Step-by-step: repotting red-veined sorrel

  1. Pot on before it is root-bound. Check red-veined sorrel regularly; move it up as soon as roots reach the edge of the cell or pot, not after they have circled.
  2. Step up one or two sizes. Choose the next container up — not a giant one. Cold, wet, unused soil around a small root system stalls seedlings.
  3. Knock it out gently. Support the stem, tip the pot, and ease the rootball out without breaking it. A little teasing of circled roots at the base is fine.
  4. Pot into rich mix. Set it into fresh moist, fertile, humus-rich loam at the same depth (tomatoes are the exception — they can go deeper to root along the stem).
  5. Water in and grow on. Water well, keep it in good light, and resume feeding once it is established and growing again.

Aftercare

Water red-veined sorrel in well and keep it in bright light; a freshly potted-on seedling can wilt for a day while roots settle, so do not overcompensate by drowning it. Do not fertilise for about 1 week — fresh mix already carries nutrients and feeding freshly disturbed roots scorches them.

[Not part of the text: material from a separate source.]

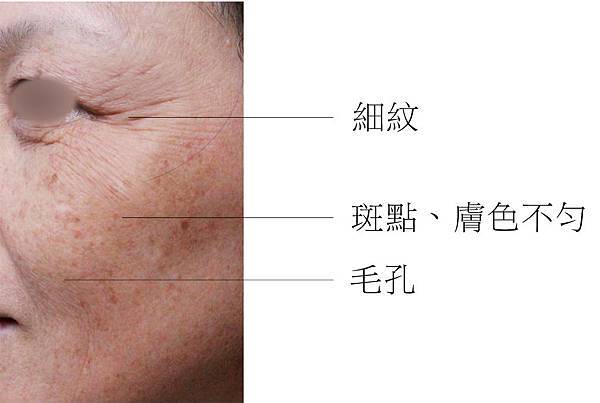 PicoSure755蜂巢皮秒雷射蜂巢透鏡淨膚雷射飛梭雷射3.jpg PicoSure755蜂巢皮秒雷射蜂巢透鏡淨膚雷射飛梭雷射3.jpg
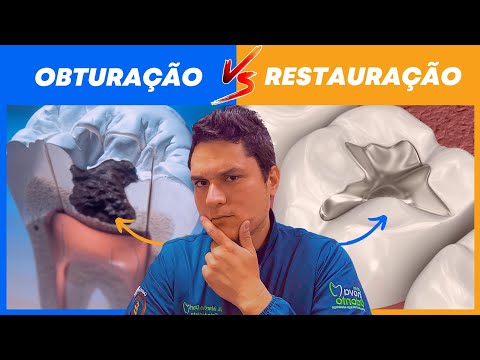 OBTURAÇÃO x RESTAURAÇÃO DENTÁRIA | QUAL A DIFERENÇA?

The right soil mix for red-veined sorrel

Red-veined Sorrel wants moist, fertile, humus-rich loam. Rich, moisture-retentive soil suits it best, and it tolerates heavier, damper ground than French sorrel. Enrich with compost to support its lush leafy growth. Always use fresh mix when you repot — reusing old, broken-down soil reintroduces the compaction and poor drainage you are repotting to fix.

Repotting red-veined sorrel — frequently asked questions

How often should you repot red-veined sorrel?

Pot on seedlings as they grow; not a perennial repot for red-veined sorrel. Red-veined Sorrel is a seasonal crop, so you pot it on as a growing plant rather than repotting a perennial. Step seedlings up gradually into moist, fertile, humus-rich loam so the roots never circle the cell, ending in a large final container. A root-bound transplant stalls and never fully recovers.

What size pot does red-veined sorrel need?

Pot red-veined sorrel on gradually — a seedling jumped straight into a huge pot sits in cold, wet, airless soil and stalls. Step up one or two sizes at a time as the roots fill each container, finishing in a large final pot or the ground. The aim is roots that never circle and never check. Use our pot size calculator to size it from the plant's current pot and root spread.

When is the best time of year to repot red-veined sorrel?

Pot red-veined sorrel on through the active growing season, whenever roots fill the current container — there is no single date, just "before it becomes root-bound". Avoid potting on during a cold snap.

Can you put red-veined sorrel straight into a much bigger pot?

No. Even a fast-growing red-veined sorrel should only go up one pot size at a time. A vastly oversized pot holds a reservoir of wet soil the roots cannot reach, which stays cold and soggy and rots the roots — the opposite of what you wanted.

Should you fertilise red-veined sorrel after repotting?

Not immediately. Wait about 1 week after repotting red-veined sorrel. Fresh mix already contains nutrients, and feeding freshly cut or disturbed roots burns them. Resume your normal feeding routine once you see new growth.